Ha muerto Will More, protagonista de Arrebato. Y los dioses de la urgencia y la viralidad lo han condenado al silencio que él mismo se procuró en su etapa de crisálida. Ni una aparición, ni una mención en los grandes medios. Ni un recuerdo al inspirador de una película que convierte al cine en un vampiro y en un chute de heroína, como sabía su director, Iván Zulueta, como sabemos todos los que pedíamos cita cada semana en los Astoria. Ni un breve en pleno agosto, la época en la que todo vale a condición de que se pueda resumir en dos párrafos y vaya más allá de que ha muerto un yonqui con pedigrí que salía en una película de culto donde nos enseñaba a mirar los cromos de un álbum.

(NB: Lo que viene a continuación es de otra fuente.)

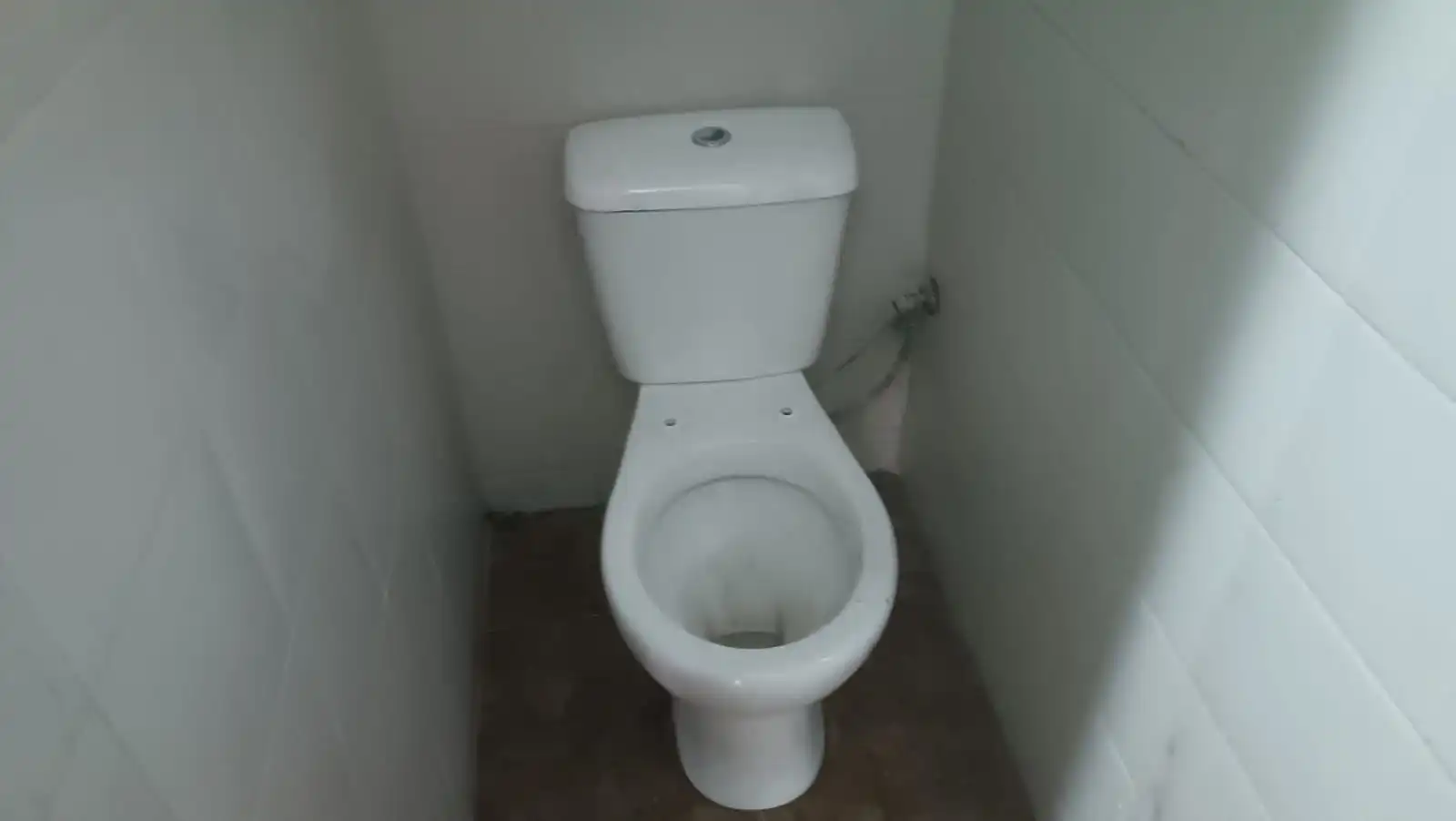 Bany de Local en venda en Singuerlín
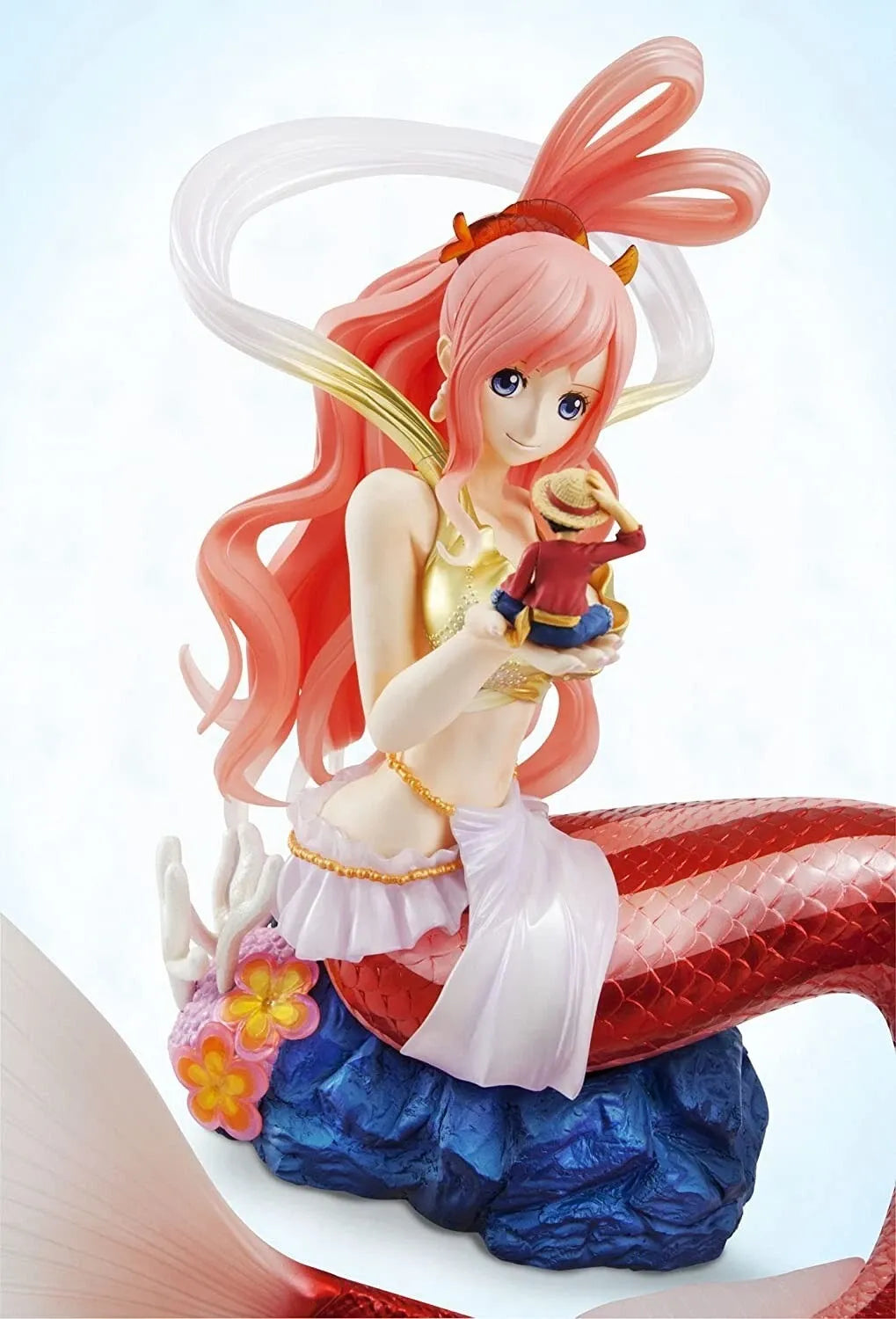 Shirahoshi One Piece sailing again portrait of pirates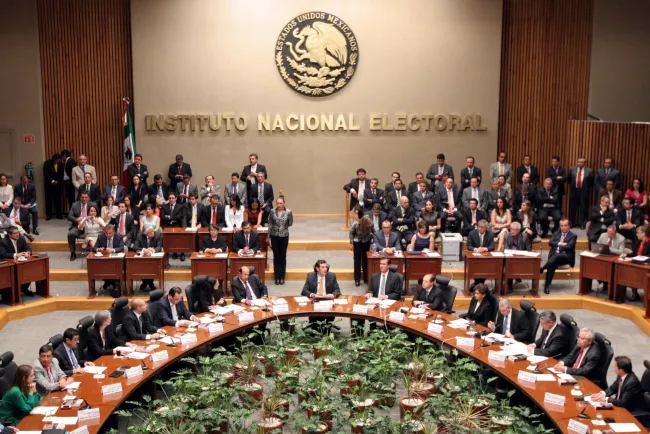 Hay otra manera de reducir presupuesto al INE sin violar la Constitución: AMLO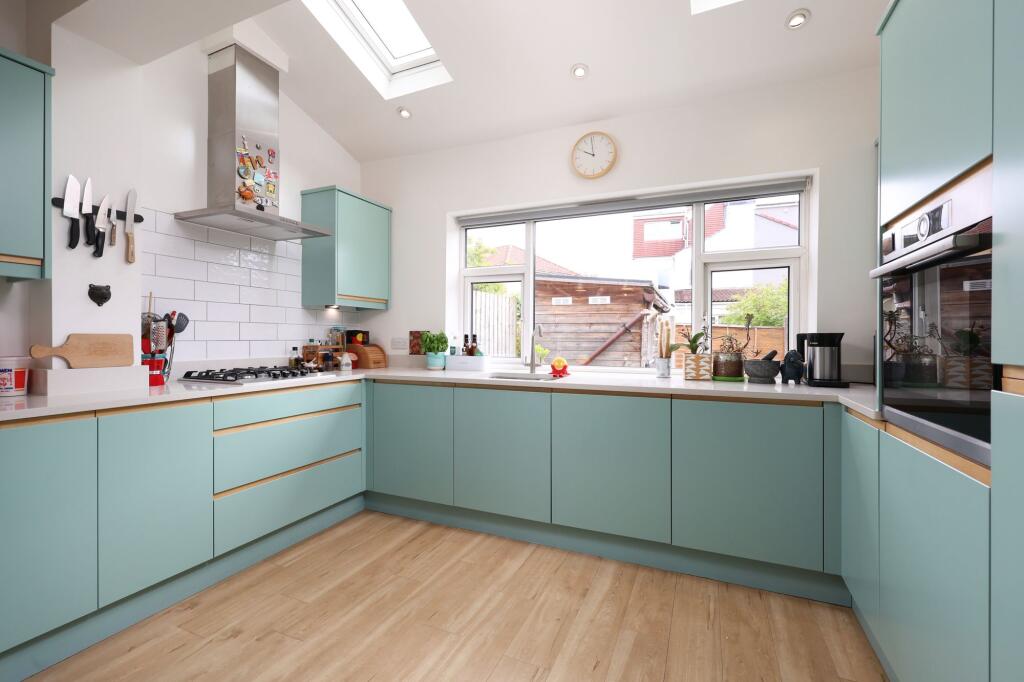House in Bristol, Golden Hill, Bishopston - More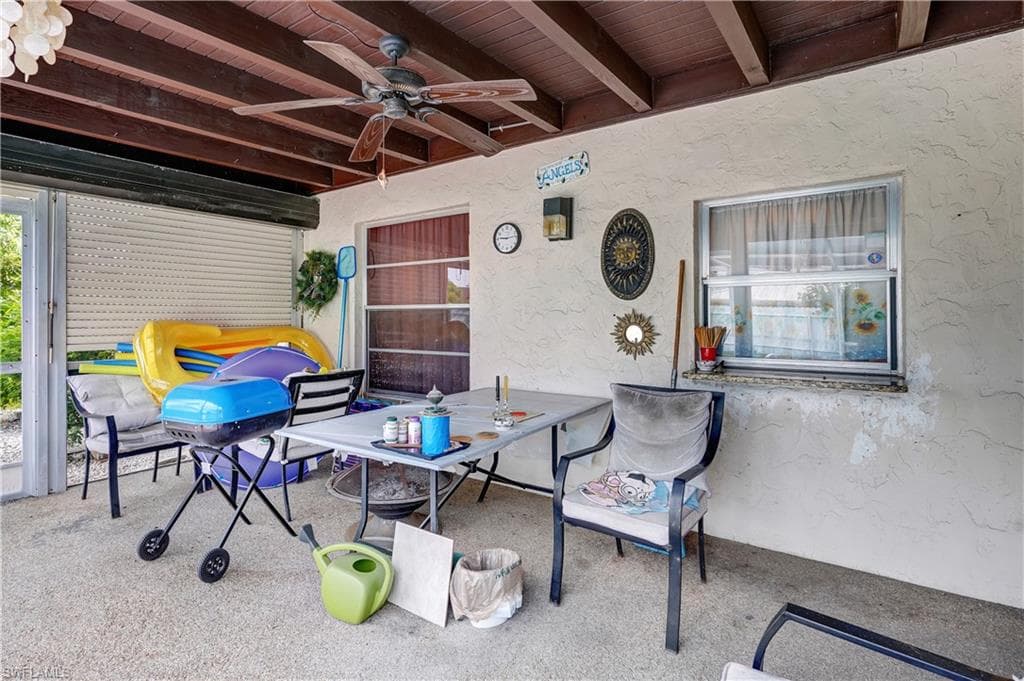 908 21st Ter, Cape Coral, FL 33990-31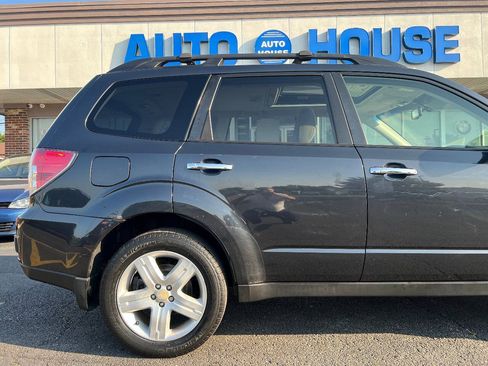 Used 2010 Subaru Forester 2.5X Premium w/ Popular Equipment Group 7B AWD/4WD image 40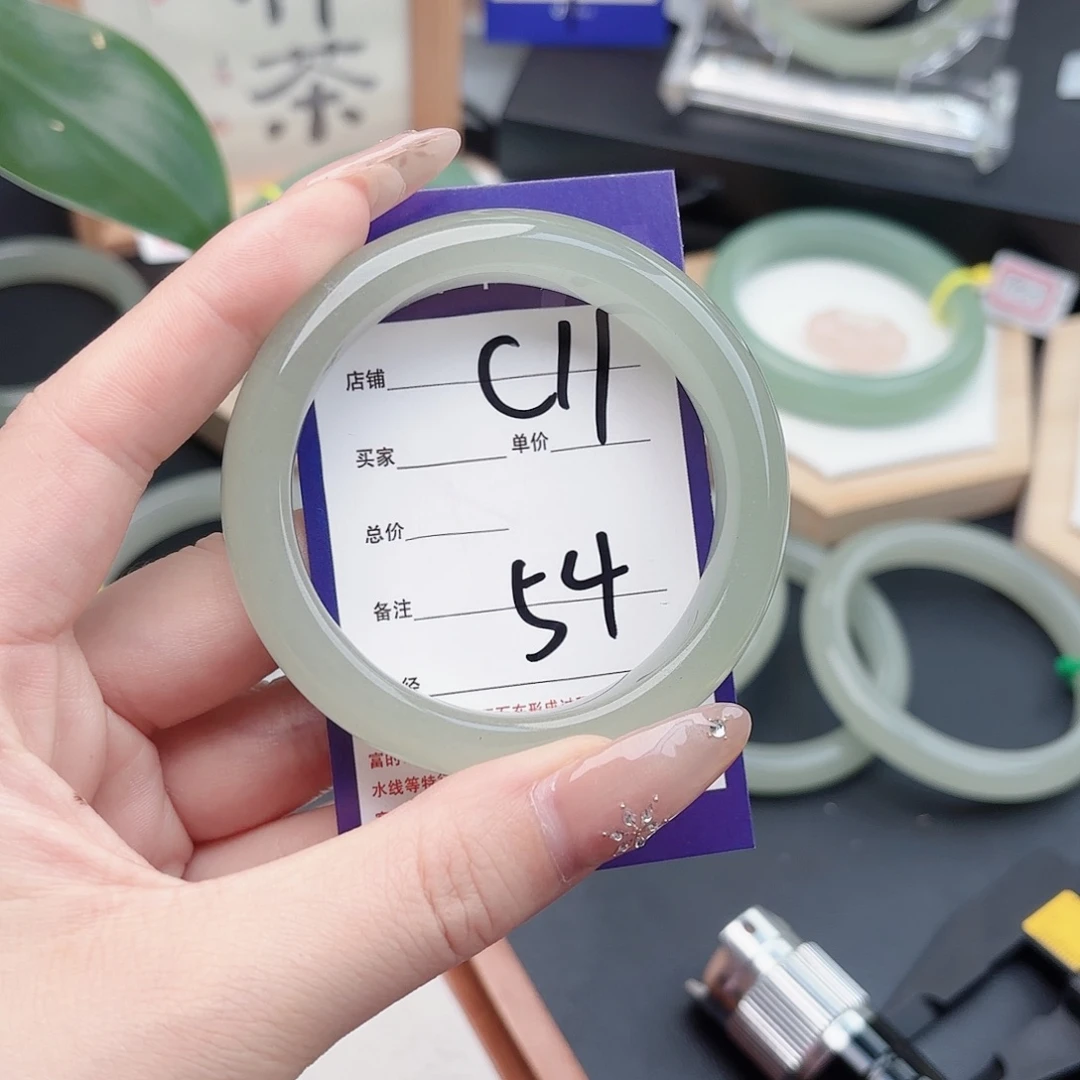 微***…石英质玉未镶嵌手镯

Ha muerto un tipo singular que protagonizó un fogonazo en baja resolución allá por los setenta, y los cinéfilos que son incapaces de remontarse al cine anterior a El resplandor al elegir sus títulos preferidos tampoco se enterarán, como no se enteran de que hubo un cine mudo, un cine en blanco y negro, un batallón de guionistas, actrices morenas o una pantalla enorme en la que los maratones de películas no se podían pausar para ir al baño y prepararse algo de cena. Ha muerto Terele Pávez y ha conseguido los reportajes en las noticias que merecía. Ha muerto Basilio Martín Patino y ha conseguido los reportajes en los diarios que merecía. Ha muerto Will More y ha desaparecido tras un fundido en rojo del tomavistas, en medio del silencio que quizá quiso merecer.